Besok Organisasi Islam Demo UU Cipta Kerja, Muhammadiyah Tak Ikut

Massa membubarkan diri saat polisi menembakan gas air mata saat unjuk rasa menolak Omnibus Law Undang Undang (UU) Cipta Kerja di Kartasura, Sukoharjo, Jawa Tengah, Kamis (8/10/2020). - ANTARA FOTO/Mohammad Ayudha
12 Oktober 2020 14:07 WIB Newswire News Share :

Harianjogja.com, JAKARTA - Pada Selasa (13/10/2020) besok, sejumlah organisasi Islam akan menggelar unjuk rasa untuk menolak Undang-undang Cipta Kerja atau Omnibus Law Cipta Kerja di Istana Negara.

Sekretaris Umum Pimpinan Pusat Muhammadiyah Abdul Mu'ti menegaskan pihaknya tak terlibat dan tak akan berpartisipasi dalam aksi unjuk rasa esok hari.

"Muhammadiyah tidak ada hubungan dan tidak akan ikut dalam aksi yang akan dilaksanakan oleh sejumlah organisasi Islam pada Selasa [13/10/2020]," ujar Mu'ti dalam keterangannya, Senin (12/10/2020), dikutip dari Suara.com--jaringan Harianjogja.com.

Diketahui sejumlah organisasi seperti Front Pembela Islam, Persaudaraan Alumni 212 dan GNPF Ulama berencana menggelar aksi Tolak UU Ciptaker besok di depan Istana.

Muhammadiyah, kata Mu'ti, saat ini fokus pada penanganan Covid-19 .
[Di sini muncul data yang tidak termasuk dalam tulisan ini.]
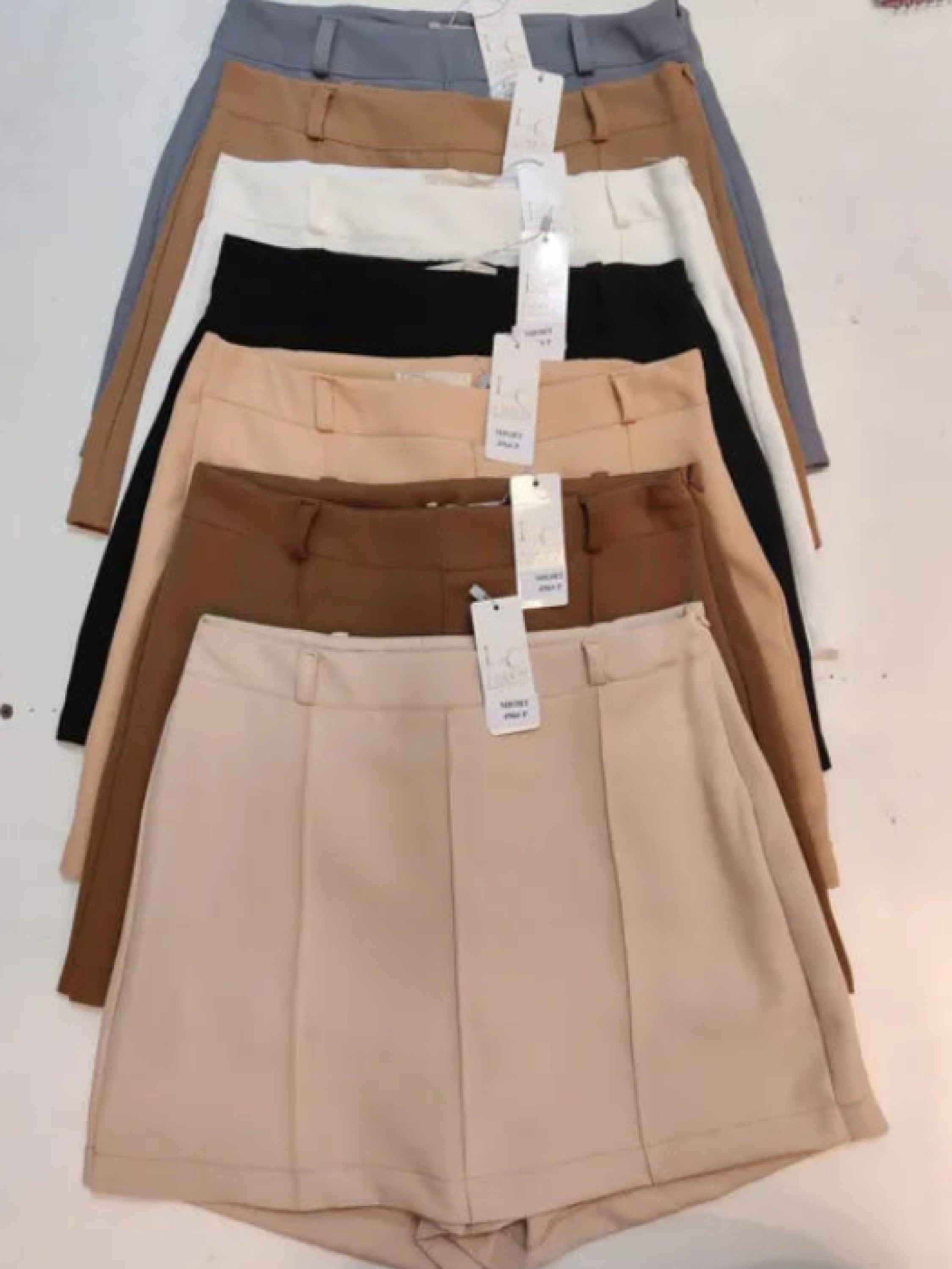 Short Saia Alfaiataria com Vinco C/ Cinto XY-496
"Muhammadiyah lebih fokus pada penananganan Covid-19 dan dampaknya terhadap pendidikan, ekonomi, dan kesehatan masyarakat," ucap dia.

Mu'ti menuturkan dalam situasi sekarang, sebaiknya semua pihak bisa menahan diri untuk tidak melakukan kegiatan yang melibatkan massa dalam jumlah besar, termasuk demonstrasi.

Kata dia, aksi demonstrasi lebih banyak mudharatnya daripada manfaatnya.

"Dalam Islam diajarkan agar meninggalkan perbuatan yang lebih banyak mengandung mudharat dibandingkan manfaat. Dalam hukum Islam hal yang sangat mendesak (aham) harus lebih diprioritaskan di atas hal yang penting (muhim)," kata Mu'ti.

Mu'ti mengatakan Muhammadiyah menghormati masyarakat yang berdemontrasi. Karena itu menyampaikan pendapat secara lisan dan tulisan adalah hak warga negara yang dijamin oleh UUD.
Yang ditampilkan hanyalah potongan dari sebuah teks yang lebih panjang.